BRET BAIER: What I'm finding interesting is the different tone here. You know, when all the questions were about the health care plans that were -- that people lost because they were told that their plans didn't match up. It was about 6 million or more, and the administration at that time said that is a small sliver. It is only 5% of the population. But now, at 7 million, it is this bring out the balloons and cheer in the Rose Garden, but that 6.2 was a sliver. You understand?
CHARLES KRAUTHAMMER: I understand. It's a sliver if it hurts you, and it's gigantic if it helps you. Look, and it's also -- look, this is a phony number and it's wonderfully precise. You know, these guys go six months without any idea what the numbers are, and all of a sudden, it's to a decimal point. 7.1, not 7.2. But of course, it's meaningless because, a, we don't know how many of them have paid. And it's an enrollment number that's not enrollment, but the more important one is how many were previously uninsured?

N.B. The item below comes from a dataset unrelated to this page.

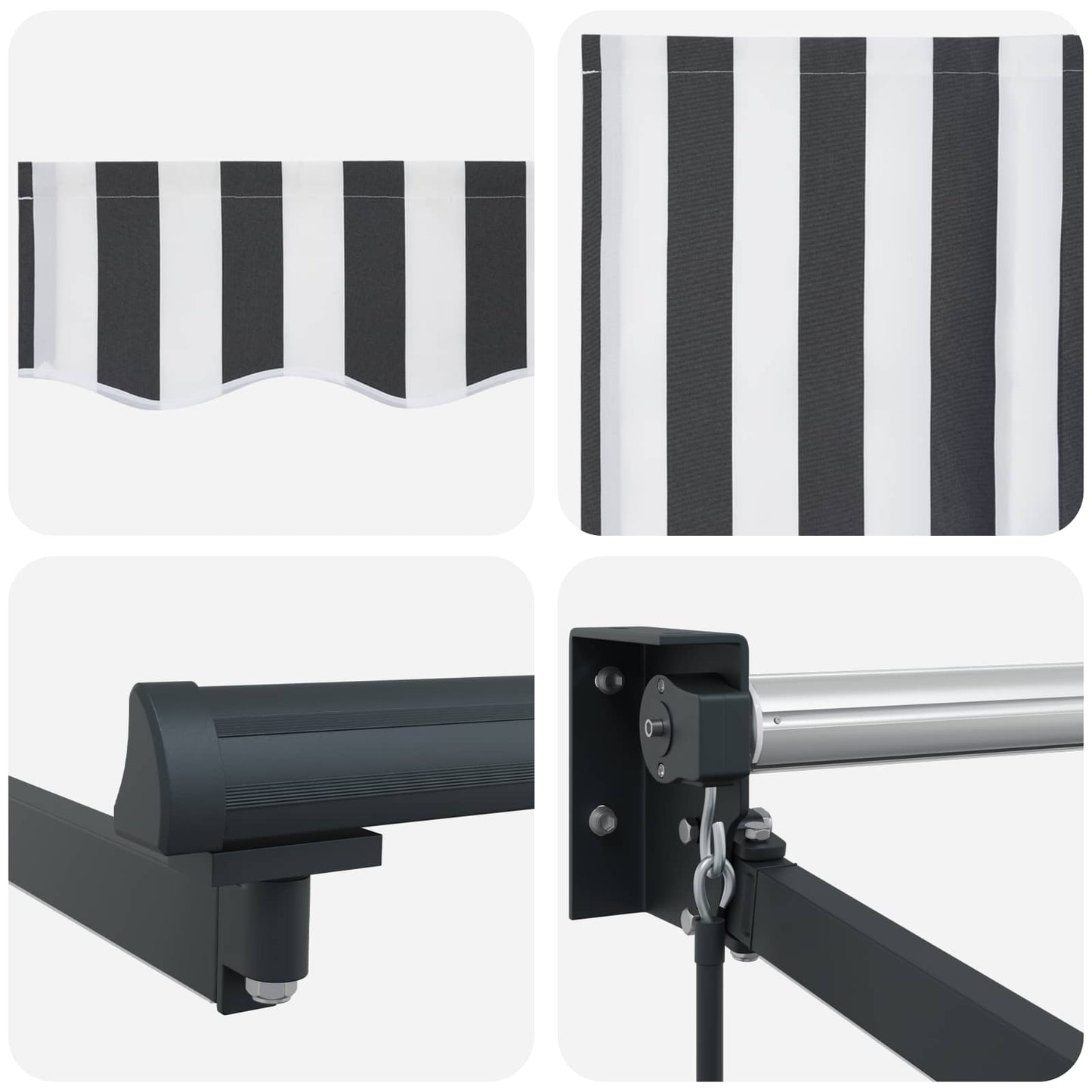 Manual Retractable Awning with LEDs 3.5 x 2 m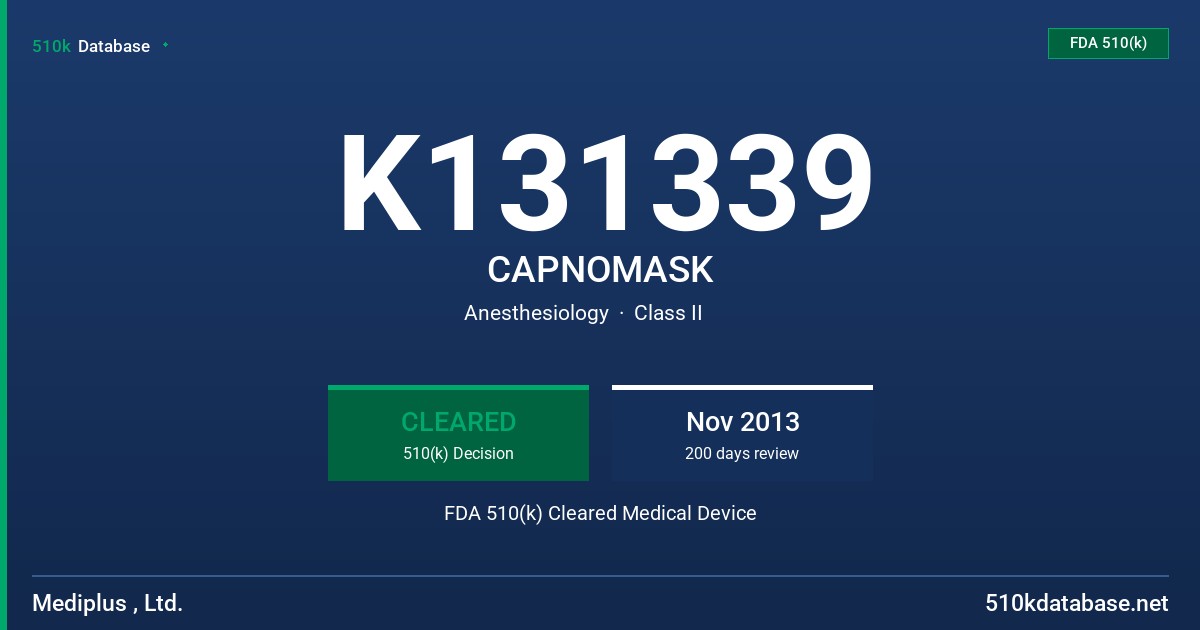 K131339 CAPNOMASK FDA 510(k) Cleared Medical Device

The point of the plan, the point of revolutionizing a sixth of the economy, the point of kicking off a program that's going to cost $2 trillion over a decade, was to insure the uninsured. If it turns out that the overwhelming majority of the so-called 7.1 were people who had health insurance, liked their health insurance, were renewing their health insurance and got kicked off their health insurance, whose lives are disrupted, premiums are raised, deductibles are raised, and lost their doctors are now among the 7.1, it's a net negative, but they won't tell us the number.
And the real issue here for the political impact, will the media still pursue the real numbers? Are they going to say 7 is done and they're not going to revisit how many have actually paid, how many were previously uninsured, and of course, how many are young and healthy?